New Cases: 405,656 (⬆︎ .35%)
New Deaths: 7,742 (⬆︎ .30%)
USA
New Cases: 58,228 (⬆︎ .20%)
New Deaths: 1,515 (⬆︎ .28%)
Vaccination Scorecard
Total Vaccinations: 57.4million
Total Priority Population: 47.1%
Total Population: 17.3%
The number of deaths due to COVID could be as much as 50% higher than the official count.
It's probably more like 10-15%, but it's not impossible that we could actually be closer to 700 thousand or 800 thousand dead Americans already, because of the way we report deaths - coupled with political considerations - which means the numbers almost always reflect a "reality" that's not all that real.
According to my mom's death certificate, she died of sepsis due to multi-organ failure - there was no mention of the cancers that riddled her body.
NYT: (pay wall)
A Family’s Search for Answers: Did Their Brother Die of Covid?
When a healthy 41-year-old died a year ago, an autopsy blamed heart disease. But his family wants to know if the coronavirus was lurking before anyone realized it.
The Hidalgo siblings buried their younger brother, Patrick, six days after he had texted them in the middle of the night last March to say that something was wrong: He was gasping for air. Two days after that, paramedics found his body in his Miami Beach apartment. One of his hands still held a rosary.
To his Mass of Resurrection came relatives from California and Maryland, ex-classmates from Boston, former colleagues from Washington. A woman he loved flew in all the way from Dubai.
In the following days of March 2020, the coronavirus brought life in the United States to an abrupt halt. Only then, as their shock subsided and grief deepened, did the Hidalgo family start to wonder if Patrick, their 41-year-old brother who had radiated light and glued them together, had died of Covid-19.
Families who lost someone with little warning and no obvious explanation in those whirlwind early days of the pandemic were robbed of the comfort of knowing exactly what took the person they loved.
Patrick died in that murky period a year ago when the nascent virus outbreak — where it came from, how far it had traveled — was only beginning to be understood. As the first deaths were recorded across the country, families like his found themselves in a state of haunting uncertainty that has never gone away.
There have likely been half a million more deaths linked to the virus than what has been officially reported, including more than 68,000 in the U.S., according to analyses of death rates around the world. Some families have gone to great lengths to try to get death certificates revised to list Covid-19, or to prove that the deceased had the virus in the first place. They often have little help from the authorities, who are swamped — or, some people fear, downplaying the virus.
Unable to obtain definitive proof, families are left with the uneasy feeling that, had it not been for the pandemic, their loved one might still be alive.
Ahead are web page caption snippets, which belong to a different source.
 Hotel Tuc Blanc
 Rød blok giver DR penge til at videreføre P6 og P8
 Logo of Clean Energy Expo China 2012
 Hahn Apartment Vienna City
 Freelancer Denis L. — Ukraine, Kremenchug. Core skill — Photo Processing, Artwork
“I don’t know that we’ll ever have closure or fully understand,” said Rosie Hidalgo, one of Patrick’s four older siblings. “And that’s hard.”
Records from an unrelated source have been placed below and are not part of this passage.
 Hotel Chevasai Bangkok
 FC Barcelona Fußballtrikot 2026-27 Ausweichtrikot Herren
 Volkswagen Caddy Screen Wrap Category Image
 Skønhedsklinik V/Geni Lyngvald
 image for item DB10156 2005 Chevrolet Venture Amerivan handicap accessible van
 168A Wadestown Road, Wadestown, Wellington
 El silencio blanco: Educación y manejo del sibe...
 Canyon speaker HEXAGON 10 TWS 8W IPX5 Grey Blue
That the virus could have contributed to Patrick’s death had not immediately occurred to them. Patrick died on March 2, 2020, the day after Florida announced its first confirmed Covid-19 cases. He was buried on March 7. The National Basketball Association suspended its season, a decision that made the crisis feel real to many people, on March 11.
On March 13, a cousin who had gone to Patrick’s funeral, Mayor Francis Suarez of Miami, tested positive. Others attendees wondered if Mr. Suarez had exposed them before realizing that he had likely become infected after the funeral.
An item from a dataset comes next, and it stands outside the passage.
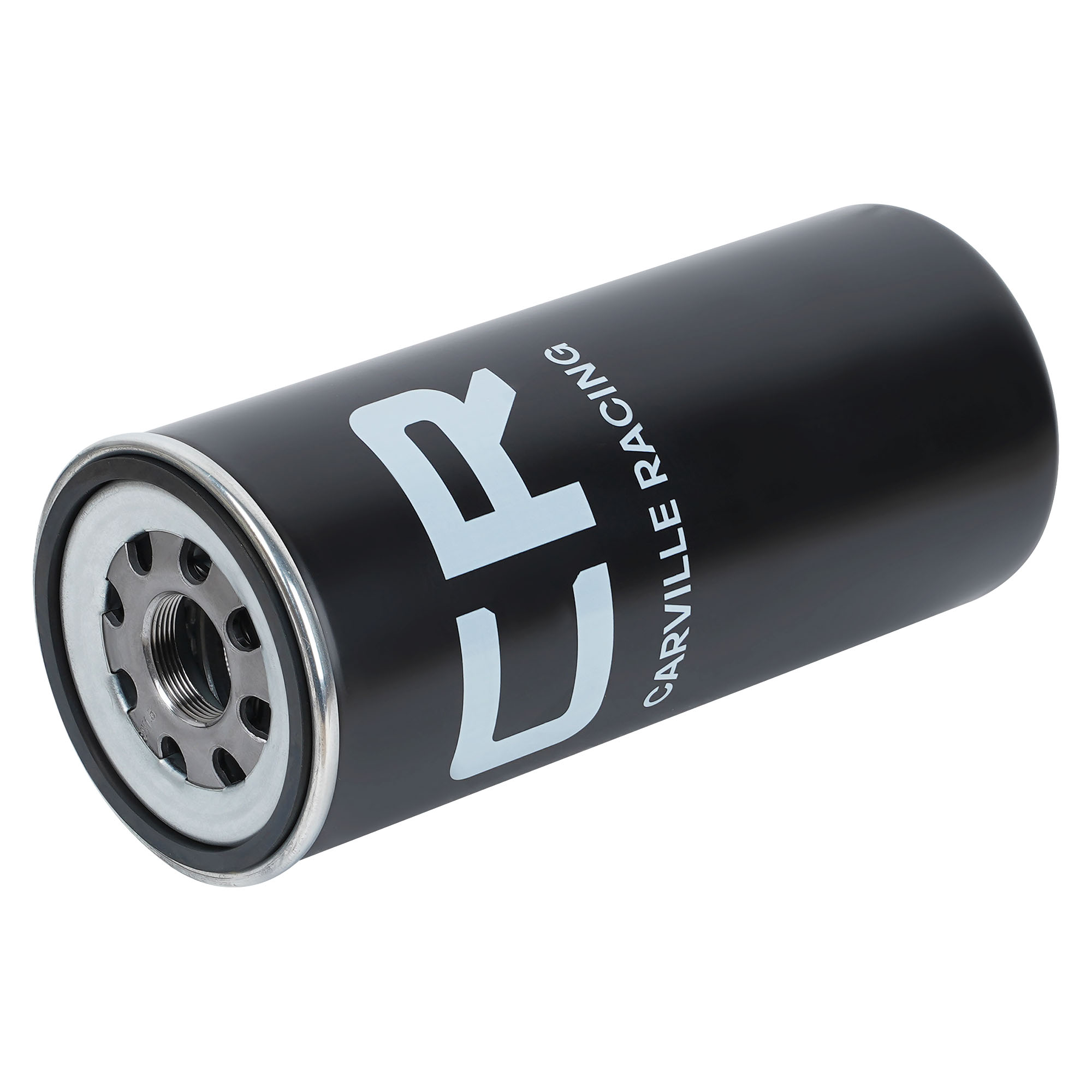 Фильтр топливный тонкой очистки для автомобилей Shacman X3000/5000/6000 с двигателем WP13, ресурс 60000км Carville Racing SVD7410 1000053555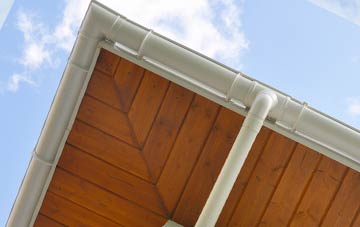 Pettistree soffit types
In June, the Miami-Dade County medical examiner concluded after an autopsy that Patrick had died of undiagnosed hypertensive heart disease, noting an enlarged heart. Some of Patrick’s siblings rushed to doctors to check if they too might have sick hearts that could give out.
But it nagged at them. Heart disease? Patrick suffered from serious acid reflux, but he ate egg whites and spinach and frequented the gym. He went to the doctor right away when he felt ill. What if the autopsy was wrong?
“Within literally days of his death, Covid became a thing — it kind of burst into the social consciousness,” said Mike Llorente, a friend. “It seemed to me to be a much simpler answer.”
The siblings — Ellie, Rosie, Manny and Bibi — could not stop thinking about the possibility. The children of Cuban exiles, they were raised in a deeply Catholic family big on community service and civic duty. Their mother, Eloísa Suárez Hidalgo, had been a political prisoner in Cuba. Their father, Manuel J. Hidalgo Sr., whom Patrick took to Mass on Sundays, made a point to bring his young children with him when he went to vote.
Patrick grew up in Miami, left for Georgetown, Harvard and M.I.T., and returned as a political organizer and social entrepreneur five years before his death, sending his siblings, all of whom lived in other states, updates about their parents via videos and texts.
“Every morning I wake up in shock,” said his sister Bibi, who hardly let a day go by without speaking to her brother. “Every night, I can’t go to bed, thinking, ‘I can’t tell my little brother good night. I’m not going to get one of his funny memes tomorrow.’”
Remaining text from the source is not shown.